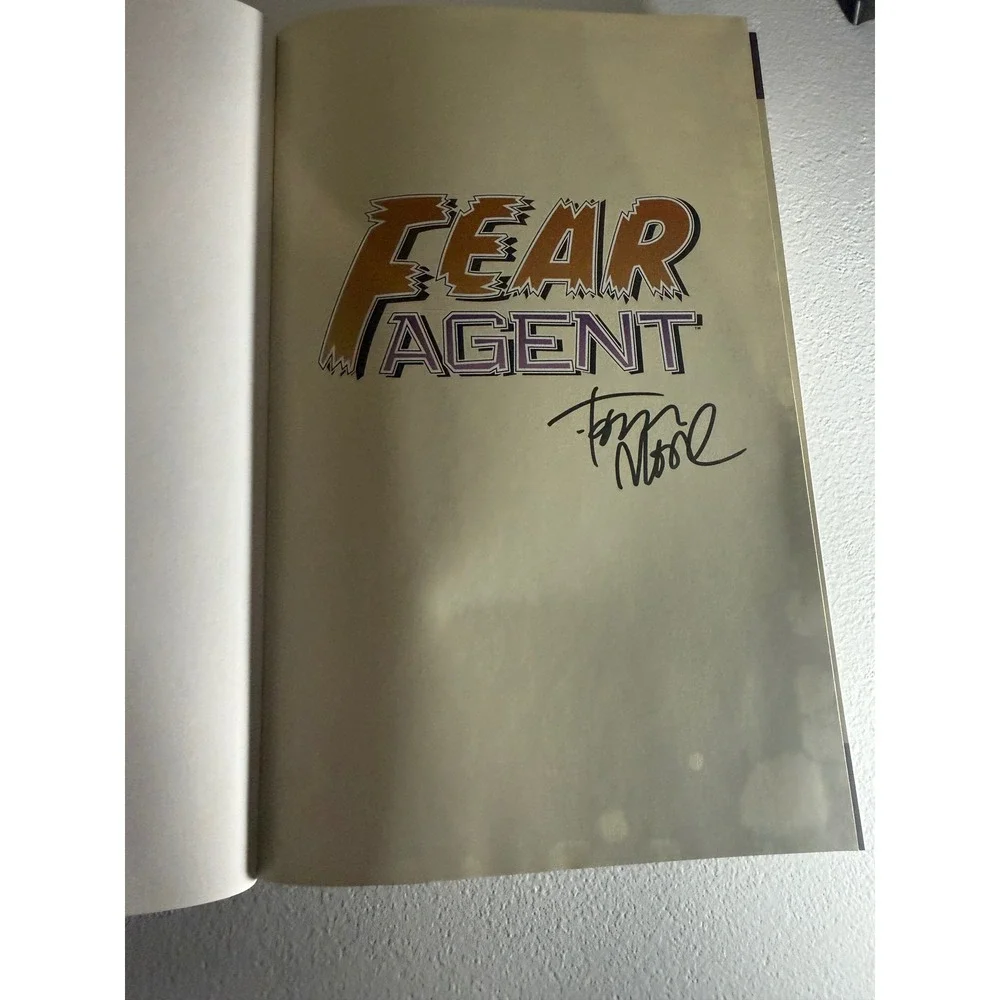 Fear Agent Library Edition Vol1 Hardcover Signed Tony Moore Remender Dark Horse
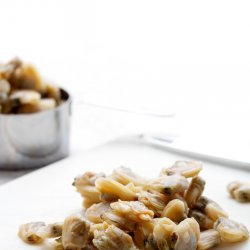 Clams with Red Peppers and Pasta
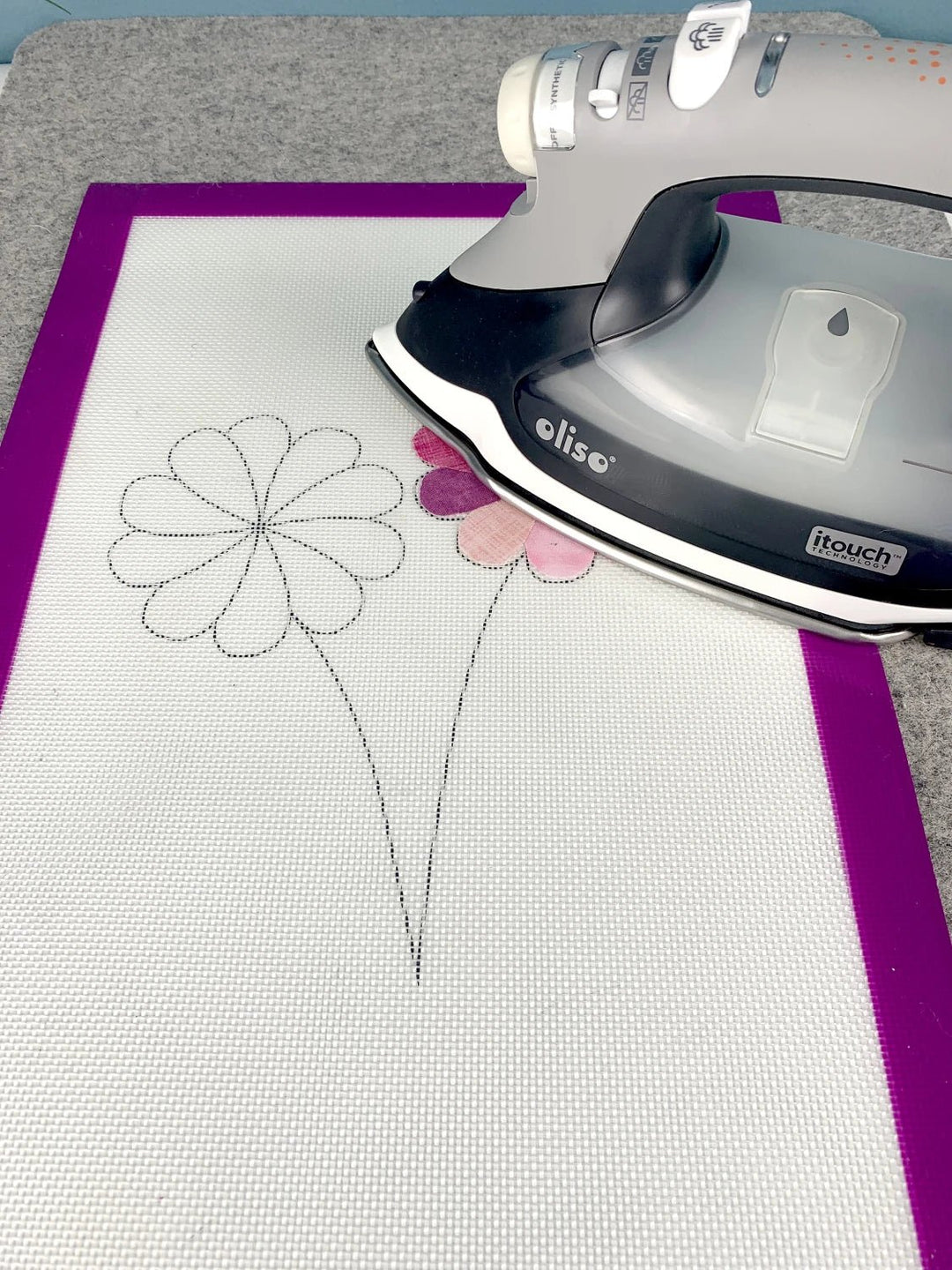 Silicone Appli - Fuse Mat 12in x 12in (TGQ025) - Maple Leaf Quilting Company Ltd.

- _How to complete this task_: Aside from the pictures, repeat the listing exactly.

- _Finished task_:
 Fear Agent Library Edition Vol1 Hardcover Signed Tony Moore Remender Dark Horse
 Clams with Red Peppers and Pasta
 Silicone Appli - Fuse Mat 12in x 12in (TGQ025) - Maple Leaf Quilting Company Ltd.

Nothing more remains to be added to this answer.